Wilker Rodrigues utilizaria a sua rede de contactos no Brasil, Inglaterra e Dubai e dos seus parceiros em Portugal para utilizar contas bancárias e terminais de pagamento de terceiros, fazendo suas as devidas comissões e assegurando também as percentagens das pessoas que instrui no sistema criminoso.
O cidadão brasileiro está também indiciado de colaborar com Paulo Nazaré na aquisição e venda de notas falsas, atividade que contaria com o apoio do arguido Fernando Delfino.
Natália Vázquez teria por missão criar contas bancárias, nomeadamente nos bancos ABanca e Openbank, mas cujas instruções de movimentação são dadas ou executadas por Paulo Nazaré.
Entre os arguidos da Operação Miríade está o advogado e empresário de origem angolana Artur Amorim, que foi apresentado a Paulo Nazaré por Nuno Bolorico, por facilitar operações de transferências bancárias e compra de Bitcoin com dinheiro. É gerente de um estabelecimento de diversão noturna em Alcântara, Lisboa, tendo exercido a profissão de disc-jockey.
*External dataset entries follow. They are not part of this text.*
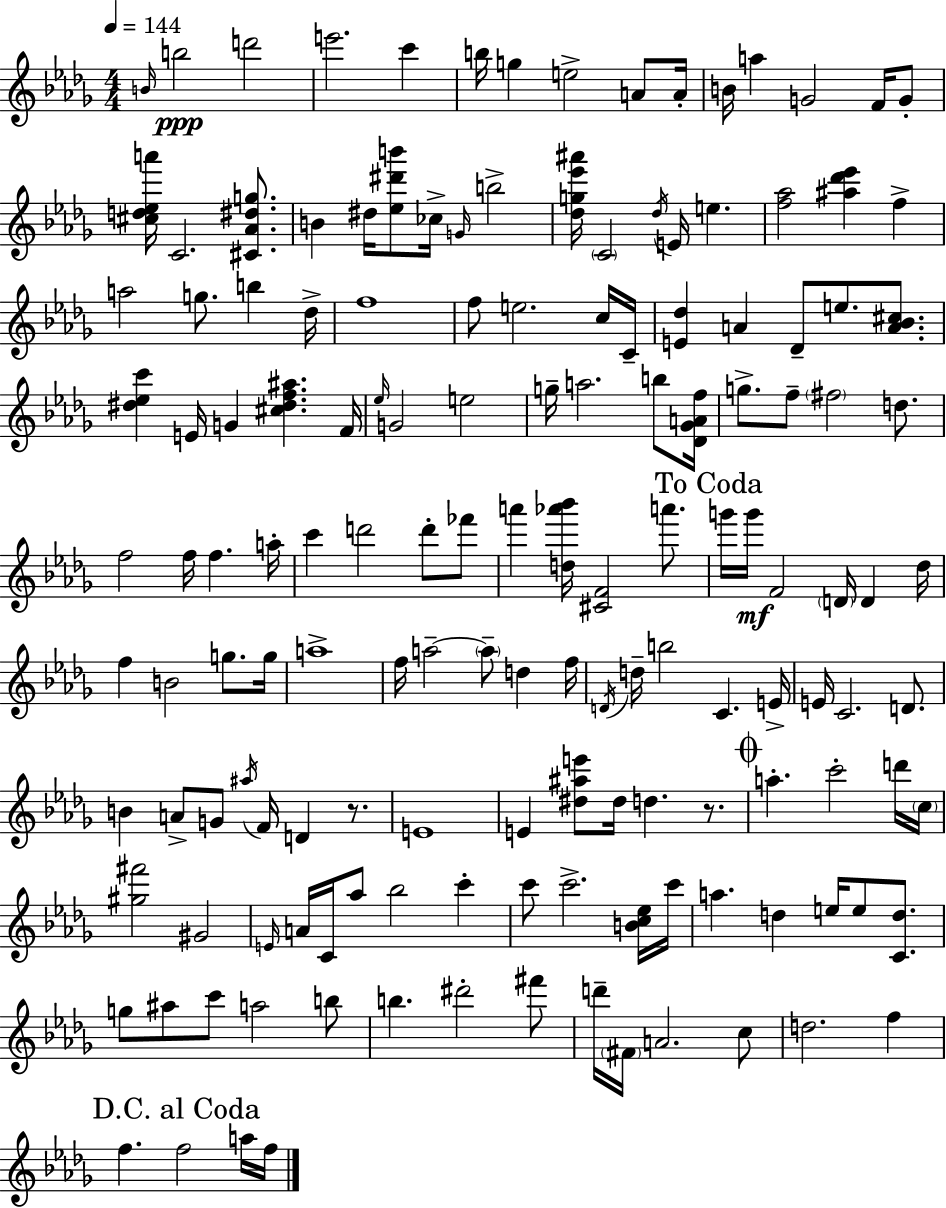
B4/s B5/h D6/h E6/h. C6/q B5/s G5/q E5/h A4/e A4/s B4/s A5/q G4/h F4/s G4/e [C#5,D5,Eb5,A6]/s C4/h. [C#4,Ab4,D#5,G5]/e. B4/q D#5/s [Eb5,D#6,B6]/e CES5/s G4/s B5/h [Db5,G5,Eb6,A#6]/s C4/h Db5/s E4/s E5/q. [F5,Ab5]/h [A#5,Db6,Eb6]/q F5/q A5/h G5/e. B5/q Db5/s F5/w F5/e E5/h. C5/s C4/s [E4,Db5]/q A4/q Db4/e E5/e. [A4,Bb4,C#5]/e. [D#5,Eb5,C6]/q E4/s G4/q [C#5,D#5,F5,A#5]/q. F4/s Eb5/s G4/h E5/h G5/s A5/h. B5/e [Db4,Gb4,A4,F5]/s G5/e. F5/e F#5/h D5/e. F5/h F5/s F5/q. A5/s C6/q D6/h D6/e FES6/e A6/q [D5,Ab6,Bb6]/s [C#4,F4]/h A6/e. G6/s G6/s F4/h D4/s D4/q Db5/s F5/q B4/h G5/e. G5/s A5/w F5/s A5/h A5/e D5/q F5/s D4/s D5/s B5/h C4/q. E4/s E4/s C4/h. D4/e. B4/q A4/e G4/e A#5/s F4/s D4/q R/e. E4/w E4/q [D#5,A#5,E6]/e D#5/s D5/q. R/e. A5/q. C6/h D6/s C5/s [G#5,F#6]/h G#4/h E4/s A4/s C4/s Ab5/e Bb5/h C6/q C6/e C6/h. [B4,C5,Eb5]/s C6/s A5/q. D5/q E5/s E5/e [C4,D5]/e. G5/e A#5/e C6/e A5/h B5/e B5/q. D#6/h F#6/e D6/s F#4/s A4/h. C5/e D5/h. F5/q F5/q. F5/h A5/s F5/s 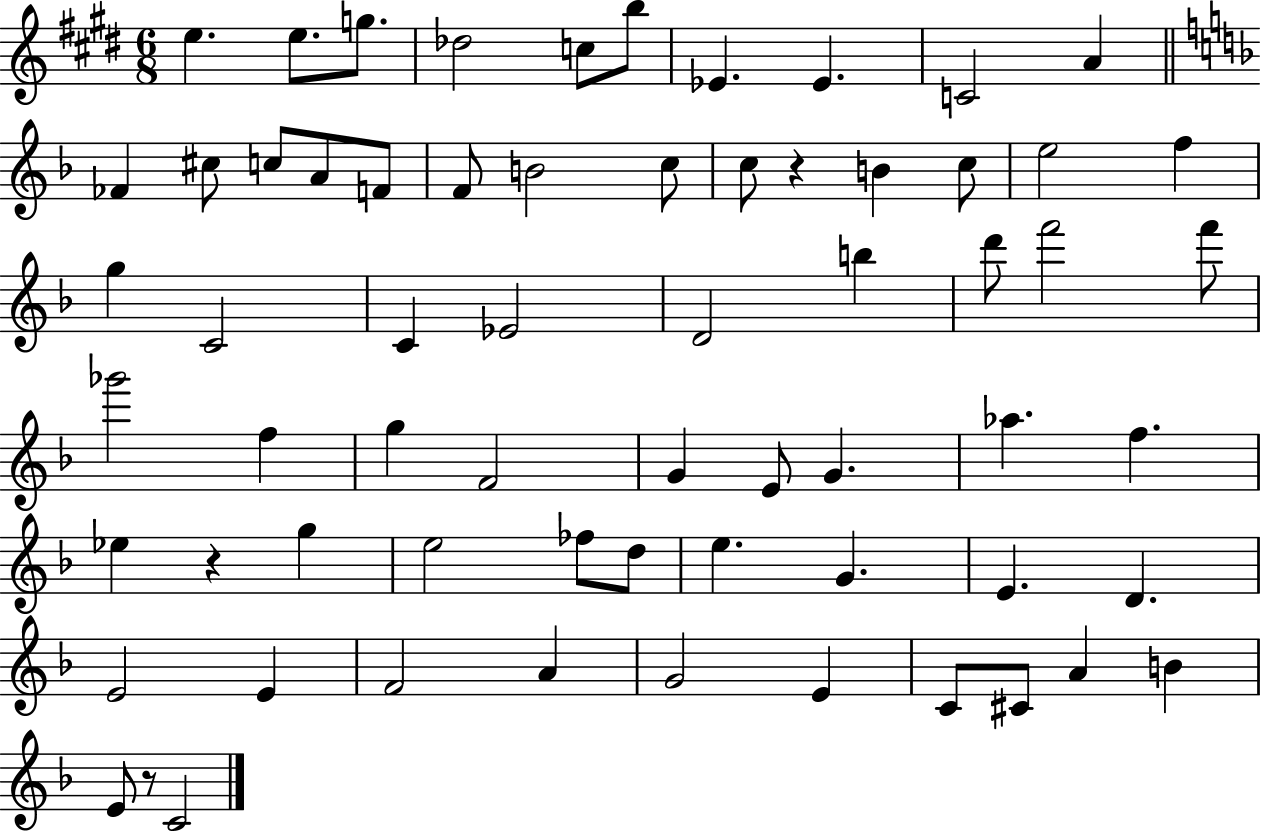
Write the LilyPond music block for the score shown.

{
  \clef treble
  \numericTimeSignature
  \time 6/8
  \key e \major
  e''4. e''8. g''8. | des''2 c''8 b''8 | ees'4. ees'4. | c'2 a'4 | \break \bar "||" \break \key f \major fes'4 cis''8 c''8 a'8 f'8 | f'8 b'2 c''8 | c''8 r4 b'4 c''8 | e''2 f''4 | \break g''4 c'2 | c'4 ees'2 | d'2 b''4 | d'''8 f'''2 f'''8 | \break ges'''2 f''4 | g''4 f'2 | g'4 e'8 g'4. | aes''4. f''4. | \break ees''4 r4 g''4 | e''2 fes''8 d''8 | e''4. g'4. | e'4. d'4. | \break e'2 e'4 | f'2 a'4 | g'2 e'4 | c'8 cis'8 a'4 b'4 | \break e'8 r8 c'2 | \bar "|."
} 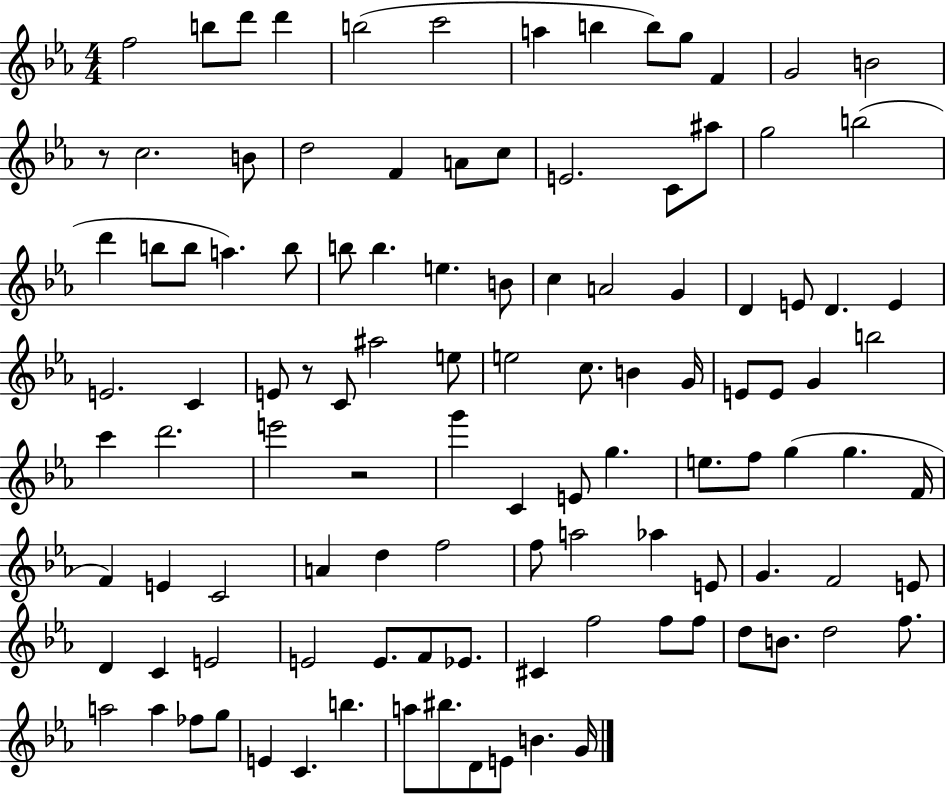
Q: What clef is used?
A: treble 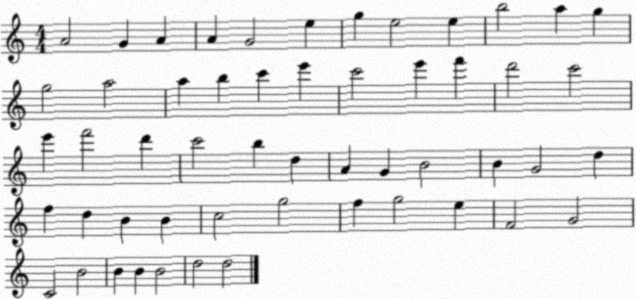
X:1
T:Untitled
M:4/4
L:1/4
K:C
A2 G A A G2 e g e2 e b2 a g g2 a2 a b c' e' c'2 e' f' d'2 c'2 e' f'2 d' c'2 b d A G B2 B G2 d f d B B c2 g2 f g2 e F2 G2 C2 B2 B B B2 d2 d2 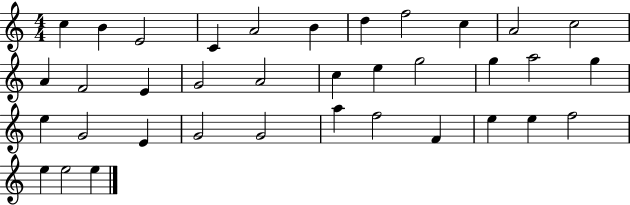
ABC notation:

X:1
T:Untitled
M:4/4
L:1/4
K:C
c B E2 C A2 B d f2 c A2 c2 A F2 E G2 A2 c e g2 g a2 g e G2 E G2 G2 a f2 F e e f2 e e2 e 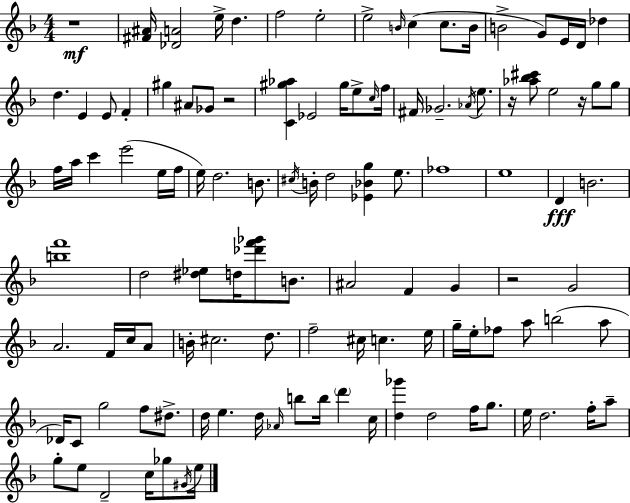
{
  \clef treble
  \numericTimeSignature
  \time 4/4
  \key f \major
  r1\mf | <fis' ais'>16 <des' a'>2 e''16-> d''4. | f''2 e''2-. | e''2-> \grace { b'16 } c''4( c''8. | \break b'16 b'2-> g'8) e'16 d'16 des''4 | d''4. e'4 e'8 f'4-. | gis''4 ais'8 ges'8 r2 | <c' gis'' aes''>4 ees'2 gis''16 e''8-> | \break \grace { c''16 } f''16 fis'16 ges'2.-- \acciaccatura { aes'16 } | e''8. r16 <aes'' bes'' cis'''>8 e''2 r16 g''8 | g''8 f''16 a''16 c'''4 e'''2( | e''16 f''16 e''16) d''2. | \break b'8. \acciaccatura { cis''16 } b'16-. d''2 <ees' bes' g''>4 | e''8. fes''1 | e''1 | d'4\fff b'2. | \break <b'' f'''>1 | d''2 <dis'' ees''>8 d''16 <des''' f''' ges'''>8 | b'8. ais'2 f'4 | g'4 r2 g'2 | \break a'2. | f'16 c''16 a'8 b'16-. cis''2. | d''8. f''2-- cis''16 c''4. | e''16 g''16-- e''16-. fes''8 a''8 b''2( | \break a''8 des'16) c'8 g''2 f''8 | dis''8.-> d''16 e''4. d''16 \grace { aes'16 } b''8 b''16 | \parenthesize d'''4 c''16 <d'' ges'''>4 d''2 | f''16 g''8. e''16 d''2. | \break f''16-. a''8-- g''8-. e''8 d'2-- | c''16 ges''8 \acciaccatura { gis'16 } e''16 \bar "|."
} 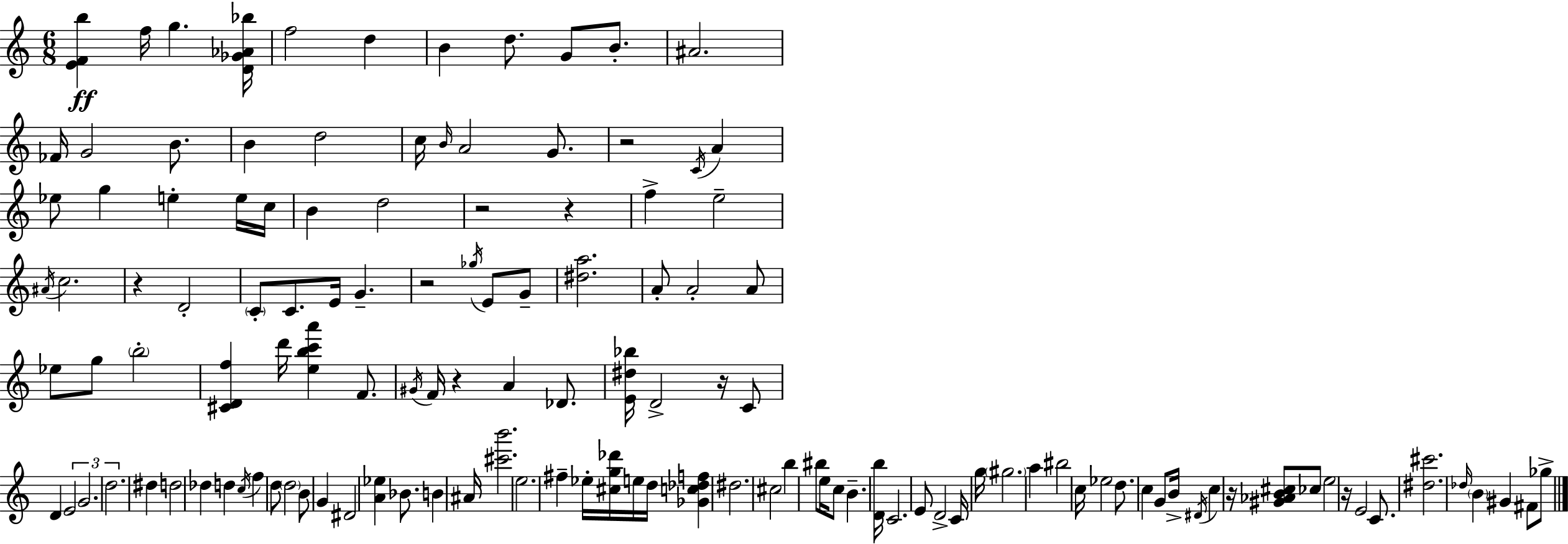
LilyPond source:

{
  \clef treble
  \numericTimeSignature
  \time 6/8
  \key c \major
  <e' f' b''>4\ff f''16 g''4. <d' ges' aes' bes''>16 | f''2 d''4 | b'4 d''8. g'8 b'8.-. | ais'2. | \break fes'16 g'2 b'8. | b'4 d''2 | c''16 \grace { b'16 } a'2 g'8. | r2 \acciaccatura { c'16 } a'4 | \break ees''8 g''4 e''4-. | e''16 c''16 b'4 d''2 | r2 r4 | f''4-> e''2-- | \break \acciaccatura { ais'16 } c''2. | r4 d'2-. | \parenthesize c'8-. c'8. e'16 g'4.-- | r2 \acciaccatura { ges''16 } | \break e'8 g'8-- <dis'' a''>2. | a'8-. a'2-. | a'8 ees''8 g''8 \parenthesize b''2-. | <cis' d' f''>4 d'''16 <e'' b'' c''' a'''>4 | \break f'8. \acciaccatura { gis'16 } f'16 r4 a'4 | des'8. <e' dis'' bes''>16 d'2-> | r16 c'8 d'4 \tuplet 3/2 { e'2 | g'2. | \break d''2. } | dis''4 d''2 | des''4 d''4 | \acciaccatura { c''16 } f''4 d''8 \parenthesize d''2 | \break b'8 g'4 dis'2 | <a' ees''>4 bes'8. | b'4 ais'16 <cis''' b'''>2. | e''2. | \break fis''4-- ees''16-. <cis'' g'' des'''>16 | e''16 d''16 <ges' c'' des'' f''>4 dis''2. | cis''2 | b''4 bis''8 e''16 c''8 b'4.-- | \break <d' b''>16 c'2. | e'8 d'2-> | c'16 g''16 \parenthesize gis''2. | a''4 bis''2 | \break c''16 ees''2 | d''8. c''4 g'8 | b'16-> \acciaccatura { dis'16 } c''4 r16 <gis' aes' b' cis''>8 ces''8 e''2 | r16 e'2 | \break c'8. <dis'' cis'''>2. | \grace { des''16 } \parenthesize b'4 | gis'4 fis'8 ges''8-> \bar "|."
} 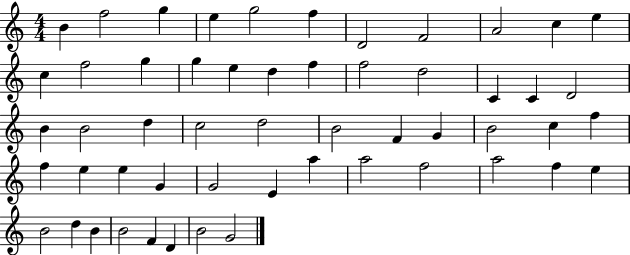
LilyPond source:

{
  \clef treble
  \numericTimeSignature
  \time 4/4
  \key c \major
  b'4 f''2 g''4 | e''4 g''2 f''4 | d'2 f'2 | a'2 c''4 e''4 | \break c''4 f''2 g''4 | g''4 e''4 d''4 f''4 | f''2 d''2 | c'4 c'4 d'2 | \break b'4 b'2 d''4 | c''2 d''2 | b'2 f'4 g'4 | b'2 c''4 f''4 | \break f''4 e''4 e''4 g'4 | g'2 e'4 a''4 | a''2 f''2 | a''2 f''4 e''4 | \break b'2 d''4 b'4 | b'2 f'4 d'4 | b'2 g'2 | \bar "|."
} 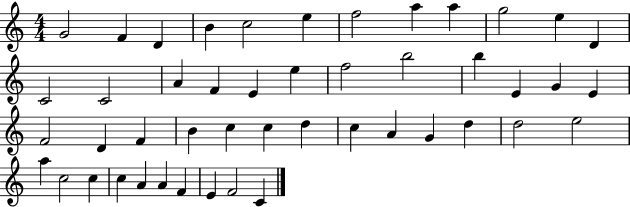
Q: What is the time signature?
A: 4/4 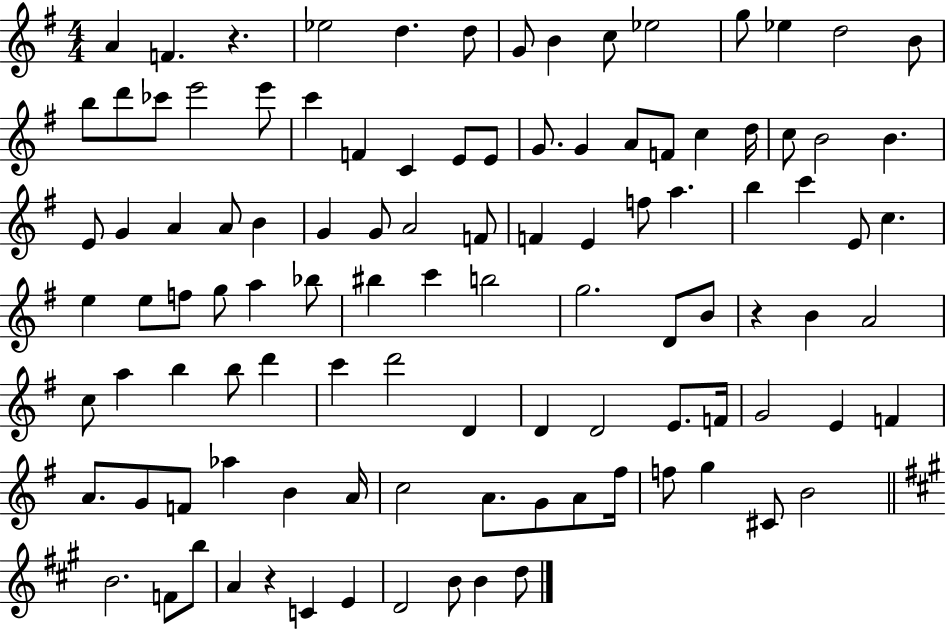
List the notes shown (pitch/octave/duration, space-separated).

A4/q F4/q. R/q. Eb5/h D5/q. D5/e G4/e B4/q C5/e Eb5/h G5/e Eb5/q D5/h B4/e B5/e D6/e CES6/e E6/h E6/e C6/q F4/q C4/q E4/e E4/e G4/e. G4/q A4/e F4/e C5/q D5/s C5/e B4/h B4/q. E4/e G4/q A4/q A4/e B4/q G4/q G4/e A4/h F4/e F4/q E4/q F5/e A5/q. B5/q C6/q E4/e C5/q. E5/q E5/e F5/e G5/e A5/q Bb5/e BIS5/q C6/q B5/h G5/h. D4/e B4/e R/q B4/q A4/h C5/e A5/q B5/q B5/e D6/q C6/q D6/h D4/q D4/q D4/h E4/e. F4/s G4/h E4/q F4/q A4/e. G4/e F4/e Ab5/q B4/q A4/s C5/h A4/e. G4/e A4/e F#5/s F5/e G5/q C#4/e B4/h B4/h. F4/e B5/e A4/q R/q C4/q E4/q D4/h B4/e B4/q D5/e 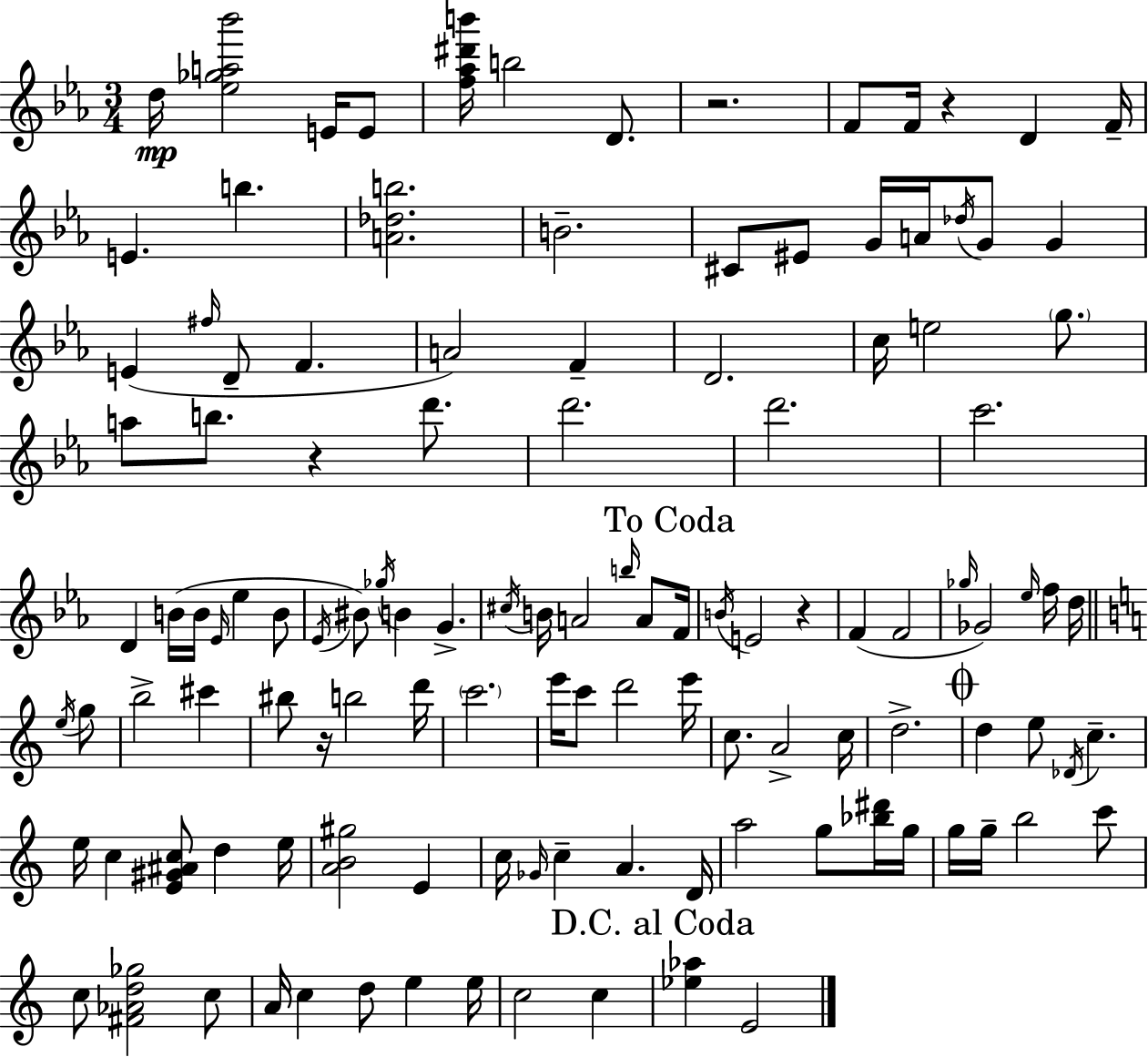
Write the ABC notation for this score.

X:1
T:Untitled
M:3/4
L:1/4
K:Cm
d/4 [_e_ga_b']2 E/4 E/2 [f_a^d'b']/4 b2 D/2 z2 F/2 F/4 z D F/4 E b [A_db]2 B2 ^C/2 ^E/2 G/4 A/4 _d/4 G/2 G E ^f/4 D/2 F A2 F D2 c/4 e2 g/2 a/2 b/2 z d'/2 d'2 d'2 c'2 D B/4 B/4 _E/4 _e B/2 _E/4 ^B/2 _g/4 B G ^c/4 B/4 A2 b/4 A/2 F/4 B/4 E2 z F F2 _g/4 _G2 _e/4 f/4 d/4 e/4 g/2 b2 ^c' ^b/2 z/4 b2 d'/4 c'2 e'/4 c'/2 d'2 e'/4 c/2 A2 c/4 d2 d e/2 _D/4 c e/4 c [E^G^Ac]/2 d e/4 [AB^g]2 E c/4 _G/4 c A D/4 a2 g/2 [_b^d']/4 g/4 g/4 g/4 b2 c'/2 c/2 [^F_Ad_g]2 c/2 A/4 c d/2 e e/4 c2 c [_e_a] E2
Como jurista, tinha por função na rede elaborar contratos fictícios para justificar certas transferências bancárias, utilizando para o efeito empresas de conhecidos e familiares. Nesta atividade era auxiliado pelo filho, Bruno Amorim.
A PJ realizou na segunda-feira 100 mandados de busca e fez 11 detenções, no âmbito da Operação Miríade, num inquérito dirigido pelo Departamento de Investigação e Ação Penal (DIAP) de Lisboa.
Após interrogatório, foi aplicada a suspensão do exercício de profissão a quatro arguidos, bem como proibições de contactos e de se ausentar do país a oito arguidos. Nove arguidos terão a obrigação de apresentações periódicas às autoridades.